Data:
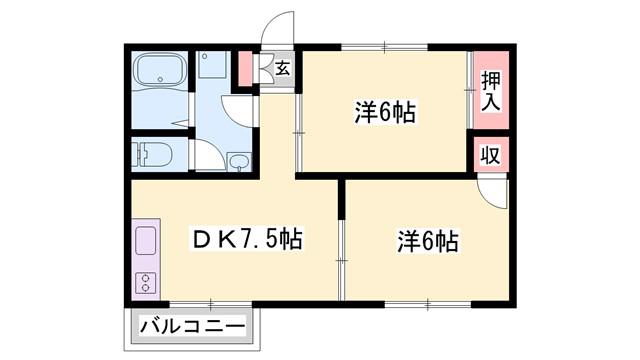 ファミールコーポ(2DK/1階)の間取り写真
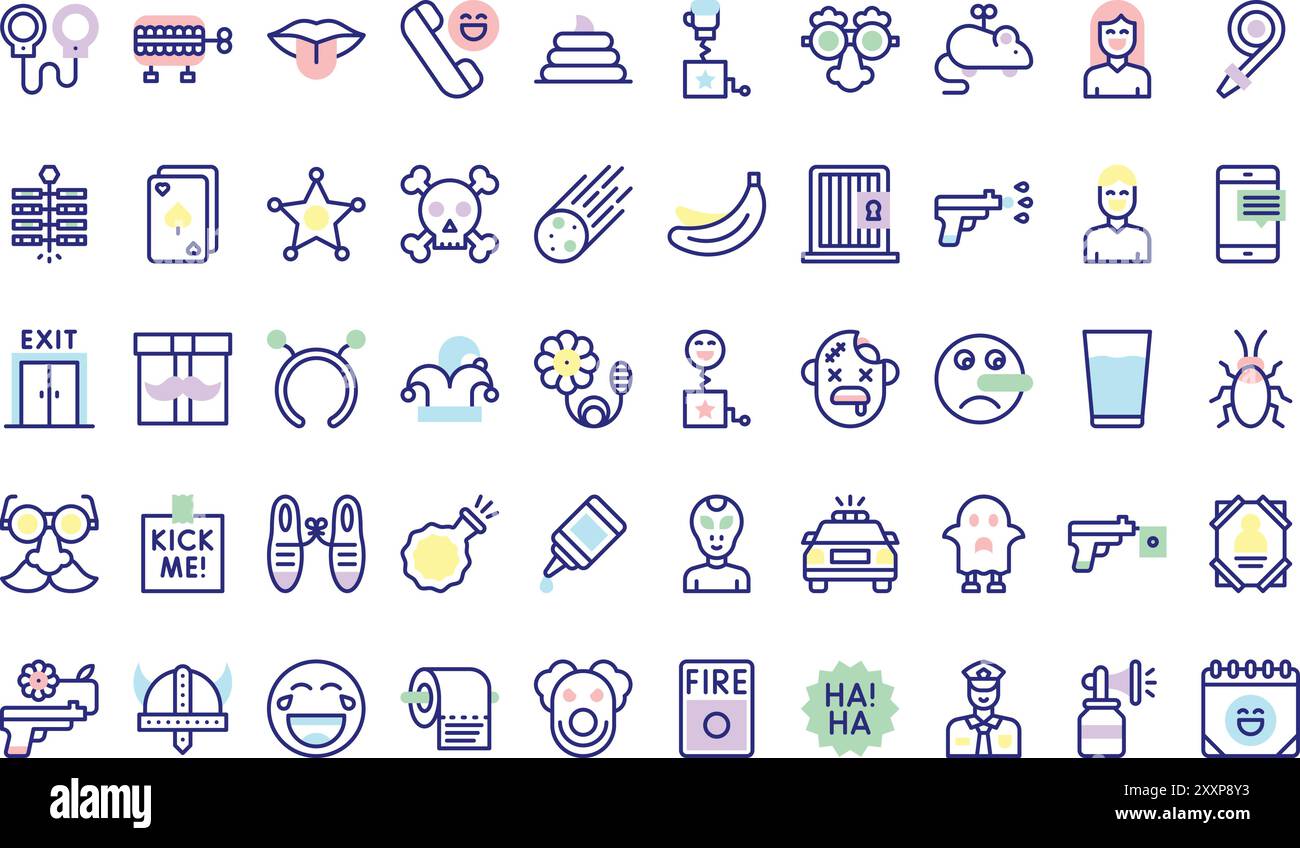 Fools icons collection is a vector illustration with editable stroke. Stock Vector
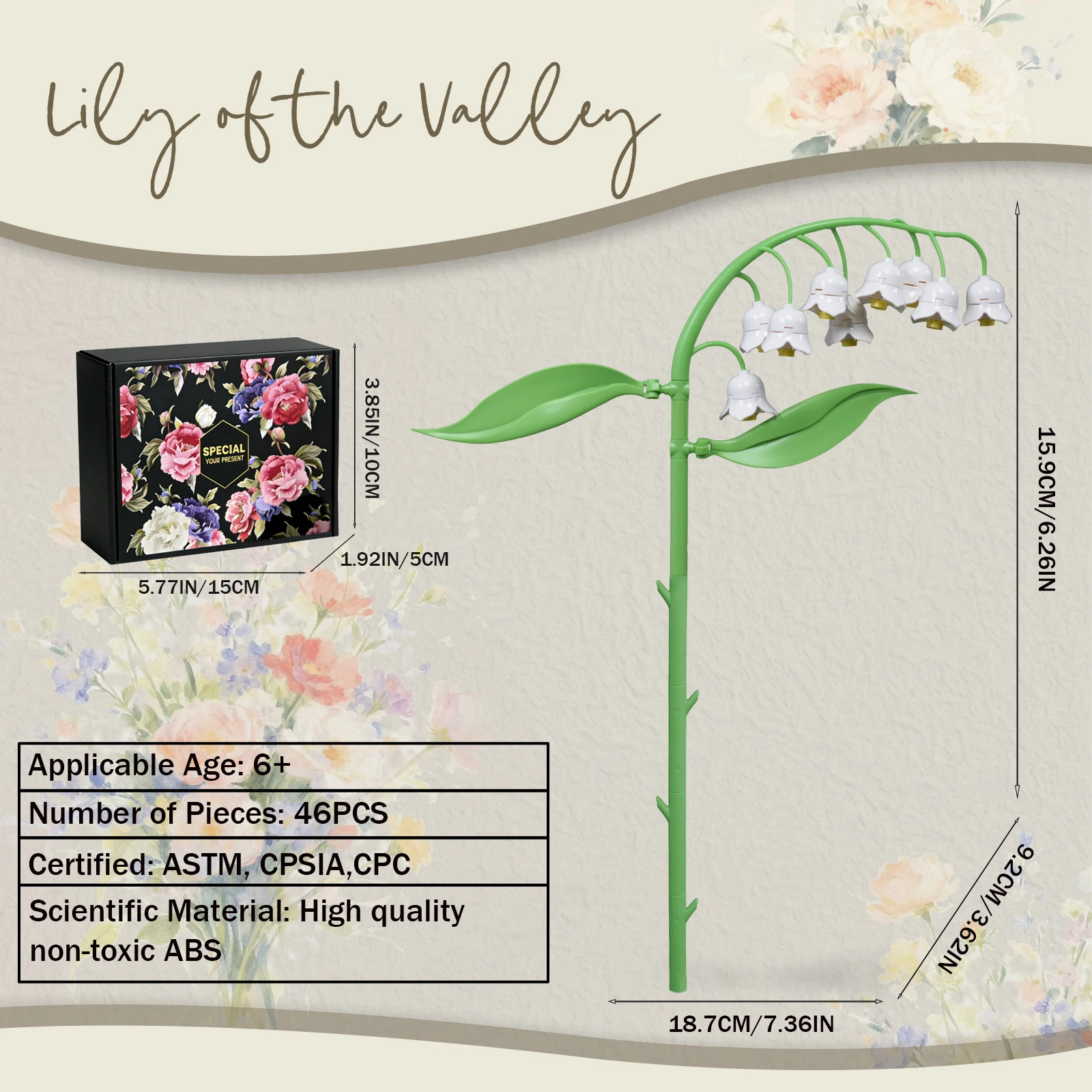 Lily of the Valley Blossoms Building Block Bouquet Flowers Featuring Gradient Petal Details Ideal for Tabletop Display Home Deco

Assignment: When you transcribe the lines above, keep every word exact but leave the pictures behind.

Task result:
 ファミールコーポ(2DK/1階)の間取り写真
 Fools icons collection is a vector illustration with editable stroke. Stock Vector
 Lily of the Valley Blossoms Building Block Bouquet Flowers Featuring Gradient Petal Details Ideal for Tabletop Display Home Deco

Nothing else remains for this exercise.